The bees spend many of their non-flying hours furiously flapping their wings to create a through-draught in the hive to remove excess water from the honey. So little wonder that they want to keep that water out (and also little wonder that worker bees only live for six weeks: a life of flying during the day and wing-flapping all night clearly takes its toll).
And so our first act of extraction was to undo their work by carefully cutting off the wax caps over the heated uncapping tray. Doing it this way ensures that the wax that falls off is melted, separated from any honey that also comes out, and collected for re-use.
It’s a slow process since we try to strike a balance between not cutting out too much honey and not cutting off any of our fingers (wouldn’t do anything for the flavour of the honey!) It also gives us an idea of the goodies to come as it exposes an oozing bed of yummy honey.
Try keeping your fingers out of this lovely lot (although the sharp knife is a bit of a deterrent!)
Once the honey is exposed – and before it all runs out onto the uncapping tray – we loaded it into the extractor. This looks a little like a hand-operated spin dryer and, in our case, is made largely of plastic and manually operated. Whilst it is possible to get electric, stainless steel versions these are more expensive (and, I’m guessing, more difficult to clean in terms of access to all the nooks and crannies).
Loading the frames into the extractor.
Anyway, the plastic version did the job for us – even though we need to have a regular sit-down after regular bursts of frantic handle-turning!
We’re not sure if there’s a recommended time for spinning the frames of honeycomb; in our case it comes down to the level of energy we can expend.
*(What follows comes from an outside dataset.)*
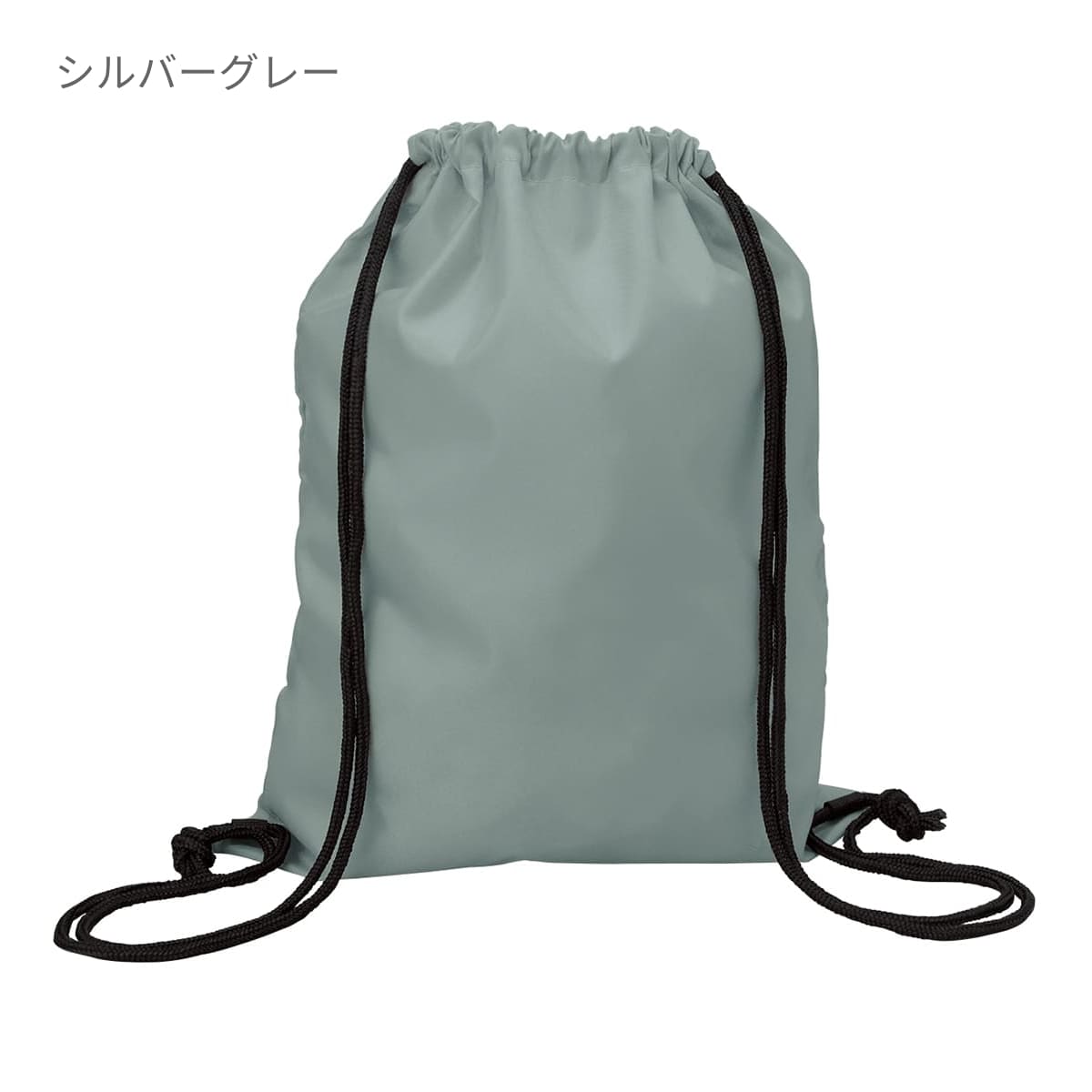 イベントバッグ | ノベルティ(小物) | 1枚 | NPZ-021 | イエロー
From that you can safely assume that spinning time is not that long!
In fact, after a series of strenuous turning sessions we then left the whole thing overnight. Our hope was that the honey would have been sufficiently dislodged to surrender to the forces of gravity and ooze gracefully to the bottom of the extractor.
And it was! When we looked the next day there was a significant quantity of honey (well, by our standards anyway) in the bottom of the tank.
The photo to the left doesn’t really show the honey that well but, from our perspective, it was a truly abundant harvest. And it was also the first time we had managed to extract honey from the honeycomb without actually destroying the honeycomb in the process.
And so we did the first of our little happy dances. Then things became even more exciting as we moved ever closer to acquiring our precious new crop. The next stage was to run the honey through a sieve into the settling tank in order to remove the larger bits of debris, such as wax cappings and assorted bee parts.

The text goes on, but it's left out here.